*TASK DIRECTIONS*
Every entry is to be returned as it stands, apart from the pictures.

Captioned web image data
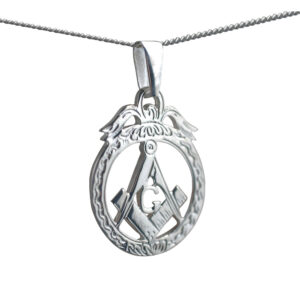 Silver 32x25mm hand engraved Masonic emblem in a circle with G Pendant on a bail loop on a 1.3mm wide curb Chain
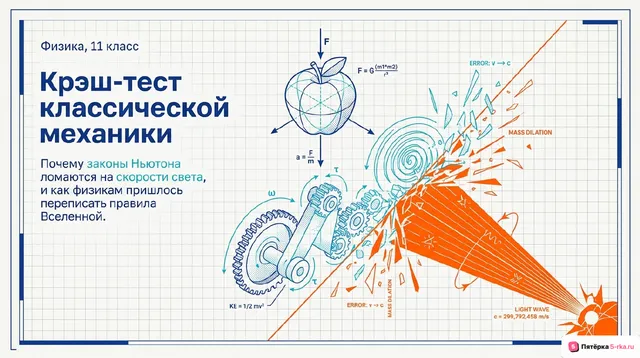 Обложка презентации к уроку «Границы применимости классической механики»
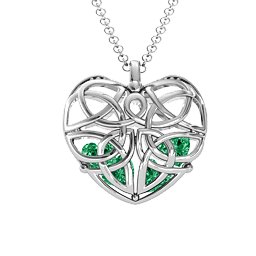 Celtic Trinity Knot Caged Heart Pendant in 925 Sterling Silver with Emerald and Aquamarine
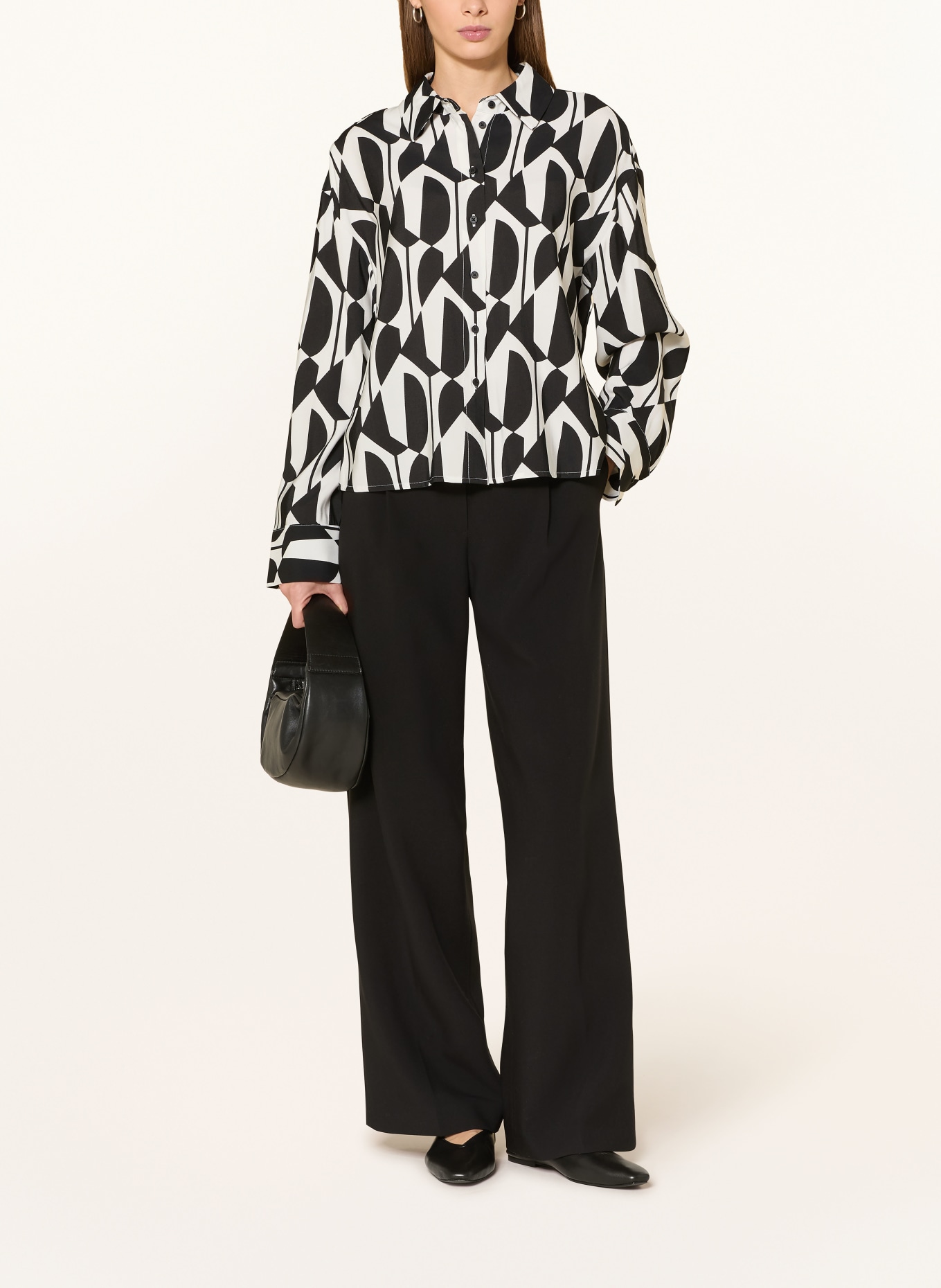 OPUS Hemdbluse FETRO: SCHWARZ / WEISS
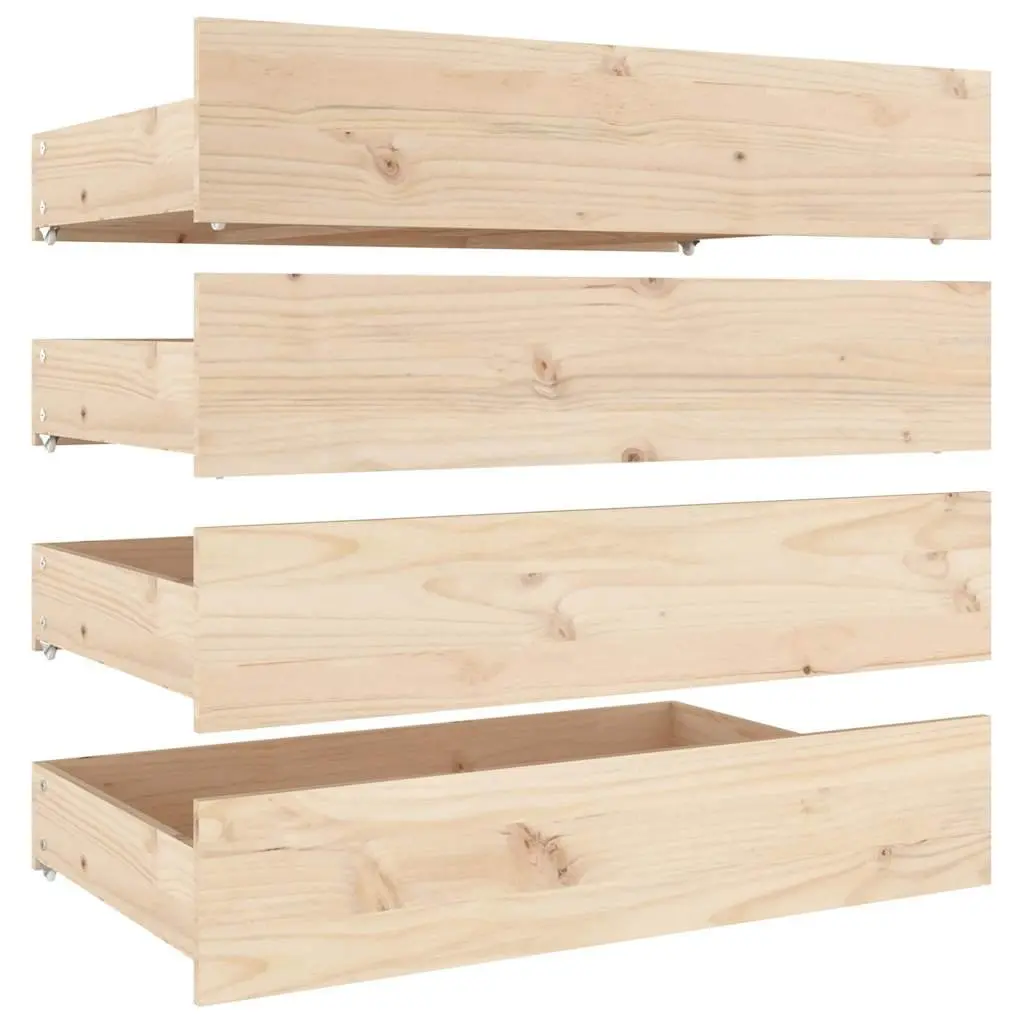 Under Bed Storage Drawers 4 pcs Solid Wood Pine Brown Bedroom Organiser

*RESULT*
 Silver 32x25mm hand engraved Masonic emblem in a circle with G Pendant on a bail loop on a 1.3mm wide curb Chain
 Обложка презентации к уроку «Границы применимости классической механики»
 Celtic Trinity Knot Caged Heart Pendant in 925 Sterling Silver with Emerald and Aquamarine
 OPUS Hemdbluse FETRO: SCHWARZ / WEISS
 Under Bed Storage Drawers 4 pcs Solid Wood Pine Brown Bedroom Organiser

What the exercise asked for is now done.